The country is strategically located between China and Singapore with 3,260km of coastline, providing excellent access to the East Sea, one of the world’s major shipping routes.
Roughly, 40 per cent of cargo transported from the Indian Ocean to the Pacific crosses the East Sea before arriving in China, Japan, South Korea and the US.
Many commentators predict the logistics market to be the standout performer over the next five to 10 years.
The rapid growth of the middle-income population creating more disposable income and a growing obsession with e-commerce will put significant demand on logistics facilities.
According to the Asian Development Bank, Vietnam spends 5.8 per cent of its GDP on infrastructure, the highest in the region.
In order for Vietnam to enter the next phase of the industrial and logistics cycle and become more competitive than other countries in the neighbourhood, it is critically important that significant expenditure continues on infrastructure, including highway networks, deep-sea ports and the upgrading of utilities, including renewable energy.
A challenge for Vietnam over the next few years will be ensuring it has the ability to adapt and embrace the inevitable disruption and changes brought about by technology and automation, now commonly known as “industry 4.0”.
All these initiatives have led to significant investment by large foreign companies.
The best case study is Samsung, which has reportedly invested over $17 billion in Vietnam.
This has given confidence to many other foreign companies from around the globe to set up operations in the country.
The industrial property market in the country, including industrial land, ready-built factories, warehouses and logistics properties, is in a nascent stage of development.

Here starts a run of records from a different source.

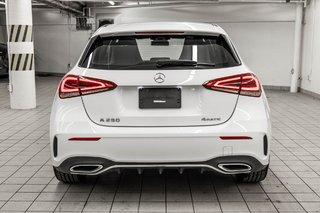 Mercedes-Benz A-Class A 250 4MATIC NAVIGATION 2022 à Laval, Québec - 5 - w320h240px
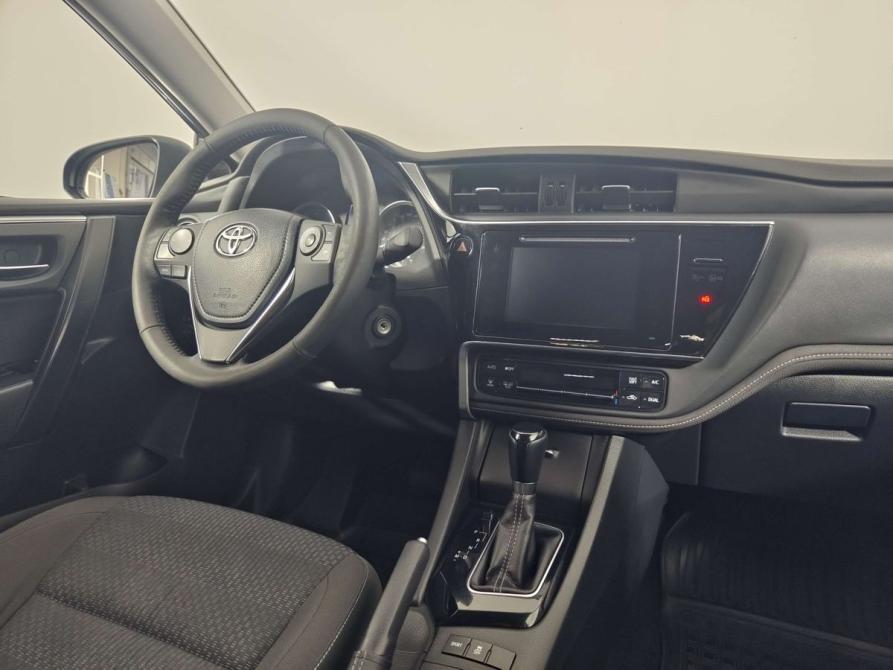 Toyota Corolla XI (E160 E170 E180) Рестайлинг 1 Санкт-Петербург  - изображение 11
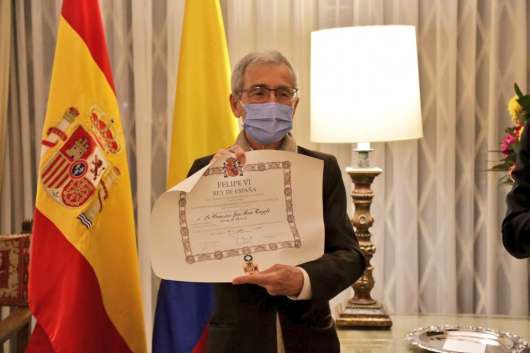 Francisco De Roux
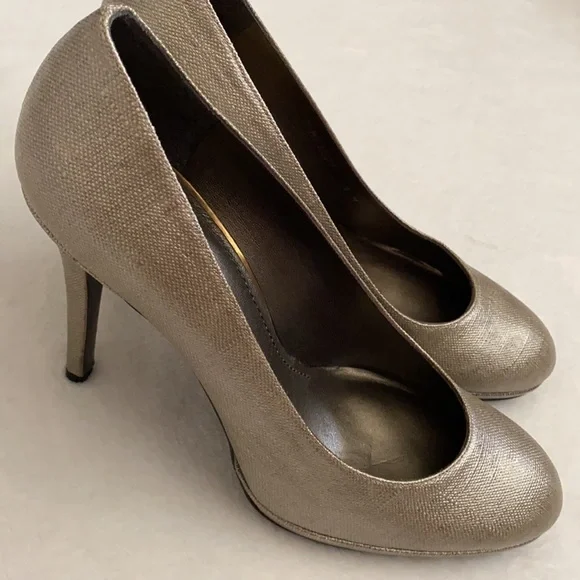 Stuart Weitzman | Textured Round Toe Slight Platform High Heels N W53907 (9 M) - Picture 2 of 15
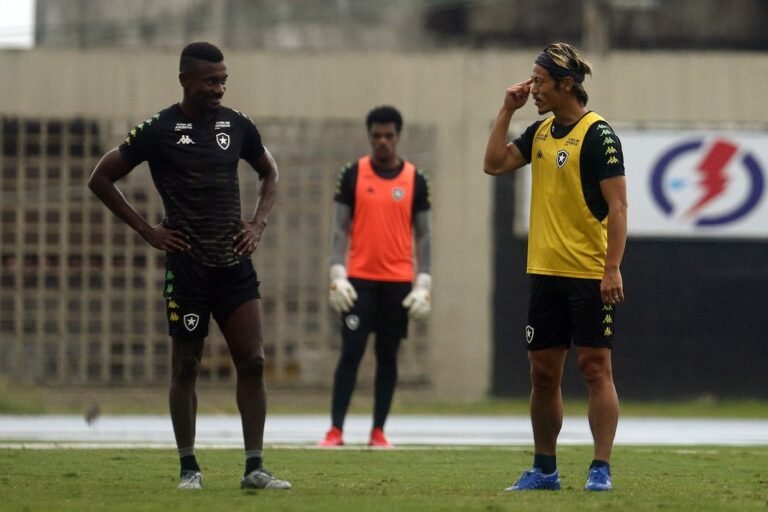 Com mudanças, Botafogo recebe o Santos pelo Brasileiro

The market is concentrated in three key zones: the Northern, Central and Southern Key Economic Zones.
The southern region was the first hub and home to conventional sectors, while the north has attracted more advanced high-tech industries and is strategically located close to China. The central region is a relative newcomer.
Greg Ohan, deputy CEO of BW Industrial, Vietnam’s largest “for rent” industrial developer, said from a real-estate developer’s perspective, his company’s focus is on supporting the country’s industrial upgrade.
“We will be a key force in the nation’s industrial and logistics real estate sector driving the development and upgrade of other sectors such as manufacturing and e-commerce,” he said.